2016-06-09

One of the greatest benefits of working among a diverse group of data scientists and data engineers at Stitch Fix is how much we can learn from our peers. Usually that means getting ad hoc help with specific questions from the resident expert(s). But it also means getting advice on how best to fill any gaps in our own skill sets or knowledge bases, or just what interesting data science materials to explore in our spare time. Our blog posts usually highlight the former; this post touches on the latter.


xkcd

We’ve queried our data science team for some of their favorite data science books. This list is by no means exhaustive, but should keep any data scientist/engineer new or old learning and entertained for many an evening. Some of the suggestions included context from the data scientist, so for those we include that person’s name!

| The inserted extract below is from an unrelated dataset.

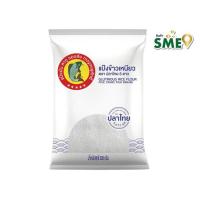 ราคา ปลาไทย5ดาว แป้งข้าวเหนียว 500 กรัม (562651-535499010)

An Introduction to Statistical Learning

Gareth James, Daniela Witten, Trevor Hastie and Robert Tibshirani
Machine Learning

A great intro on the fundamentals of statistics and machine learning with R-based tutorials. It’s a great stand-alone text for someone interested in learning statistical modeling, but not necessarily hypothesis tests (usually the first big concept covered in introductory statistics textbooks). It is also a good to prep for the more advanced Elements of Statistical Learning.

Elements of Statistical Learning

Trevor Hastie, Robert Tibshirani and Jerome Friedman
Machine Learning

A classic amongst the machine learning texts; concise and deep review on basics of machine learning from giants in the field.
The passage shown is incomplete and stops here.